La crise se définit comme étant, entre autres, en proie à des moments difficiles et généralement décisifs dans l’évolution d’une société ou d’une institution. L’intérêt du gouvernement, c’est de faire que l’Etat retrouve sa puissance, toute sa puissance d’exercer son autorité absolue sur l’ensemble des individus et des entreprises, pour une plus grande influence. Tout passe. Et comme toujours dans la vie, un homme se lève chaque jour, un autre disparaît. Mais, la Nation demeure. Certes, les Congolais ne s’intéressent plus au marxisme. Comme disait Gandhi, «je ne m’interroge pas à ce sujet-là. Je n’ai rien contre la philosophie du socialisme. Mais son programme, tel qu’il est formulé, ne peut se réaliser sans violence».

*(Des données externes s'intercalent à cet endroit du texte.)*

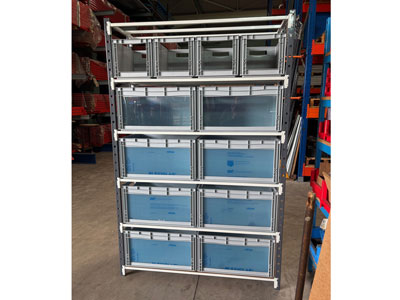 Kit rayonnage métallique neuf avec 6 tablettes et 12 bacs de rangement – 2000 x 1250 x 400 mm - Image 1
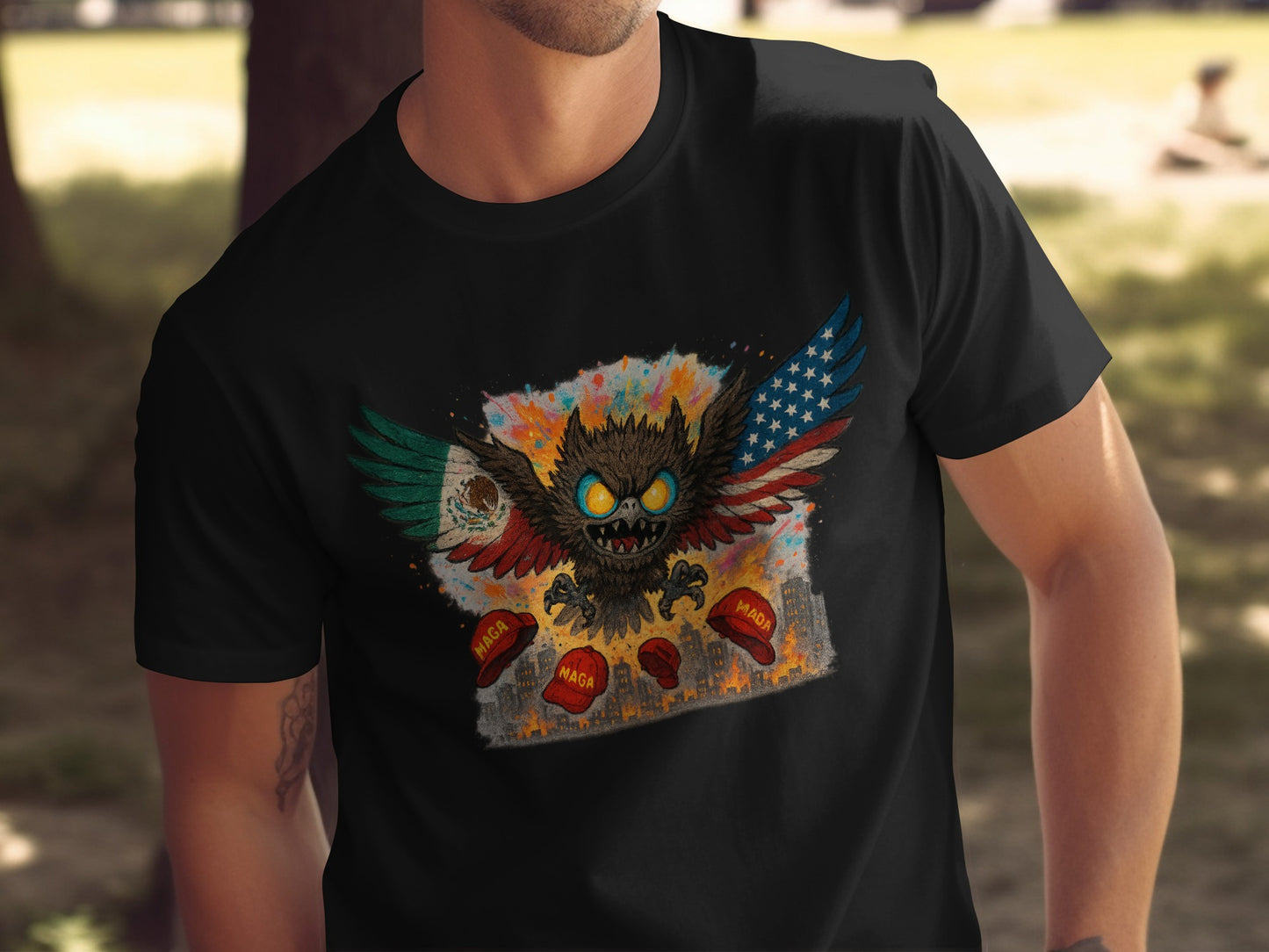 Vivid Multicolored Winged Creature Design T-shirt product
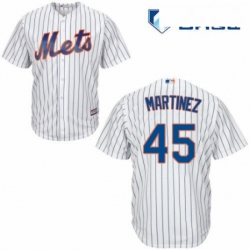 Mens Majestic New York Mets 45 Pedro Martinez Replica White Home Cool Base MLB Jersey 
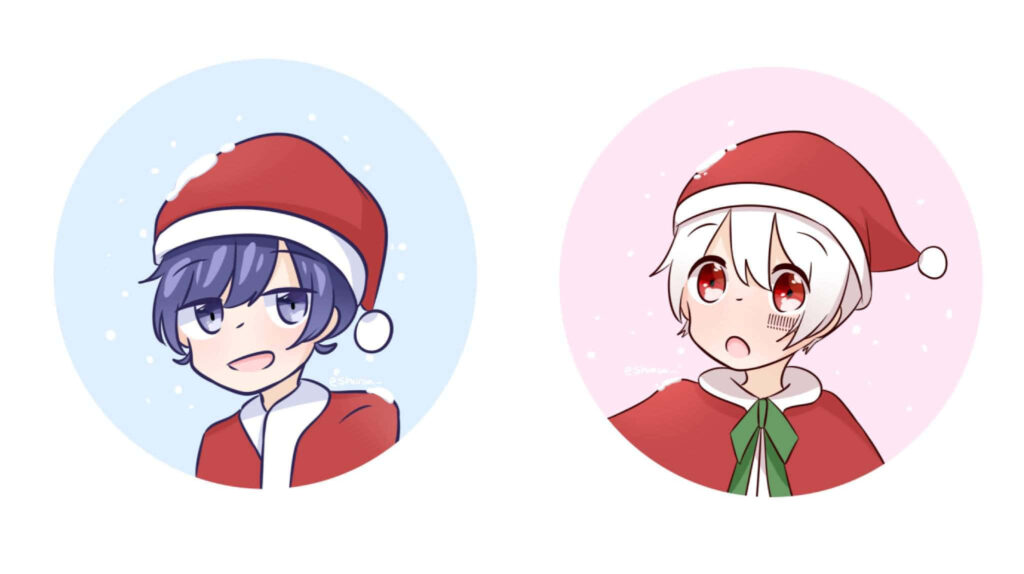 Festive Anime Duo in Santa Hats Against Cheerful Pastel Backgrounds Wallpaper
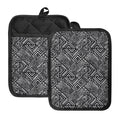 Black And White African Tribal Print Pot Holders With Pocket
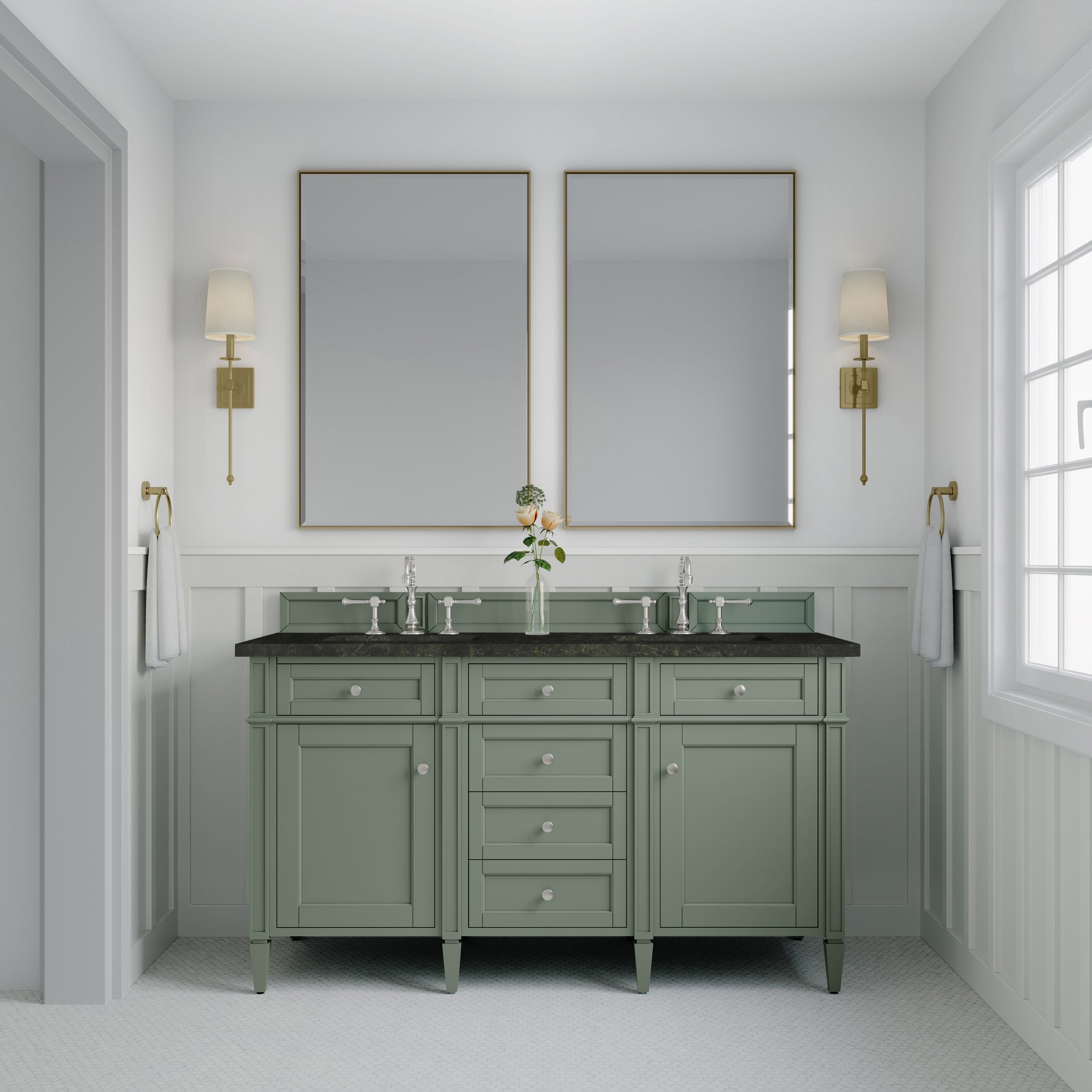 James Martin Brittany 60" Double Bathroom Vanity, Smokey Celadon, view 31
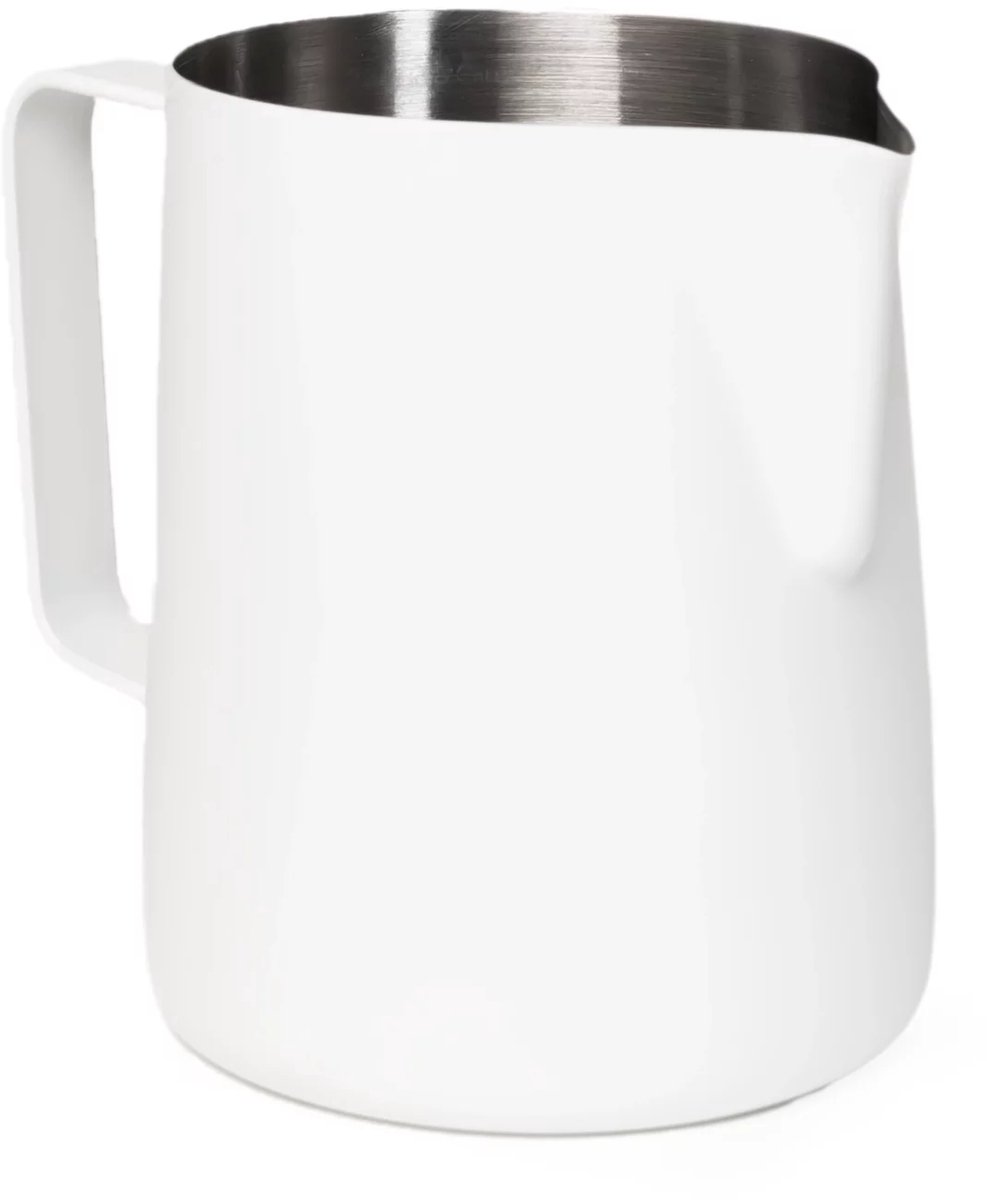 Melkkannetje Opschuim - 350ml - Essentials – Wit – RVS – Melkopschuimkan – Melkkan – Espressomachine - Barista Essentials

Selon Gandhi, les moyens viciaient les fins, et qu’user de la violence ne pouvait servir une cause non-violente. Les Congolais veulent que l’histoire ait un sens. C’est-à-dire inviter l’homme à maîtriser sa nature et à rendre conforme à la raison, l’ordre de la vie en commun. Le Congo ne peut suivre la voie qui entraîne vers la décadence. Nous devons nous efforcer de situer le moment présent dans un devenir.
En d’autres termes, c’est notre conscience historique qui nous l’impose. Nous devons, pour ainsi dire, remonter vers le passé, pour établir jusqu’à quel point tel évènement dérive ou non. Et puis, l’homme conscient descend vers l’avenir, afin de changer quelque chose, même si on ne peut pas tout changer, malgré sa grandeur.
Que peut-on changer?
Que nous soyons disciples de Marx ou de Jaurès, le changement n’est plus une option, c’est un devoir. D’abord, le Congo doit se réconcilier avec lui-même. Un système politique ne peut pas perdurer et en même temps n’être rien, sans la manière d’agir déterminée qui en découle, sans aucune qualité. Les plus grandes Nations développées font toutes de la décentralisation, leur cheval de bataille. N’est-ce pas le temps de redonner à l’Etat de quoi il est fait? On retrouve un même projet, quand Goethe proclame: «Le meilleur gouvernement est celui qui nous apprend à nous gouverner nous-mêmes».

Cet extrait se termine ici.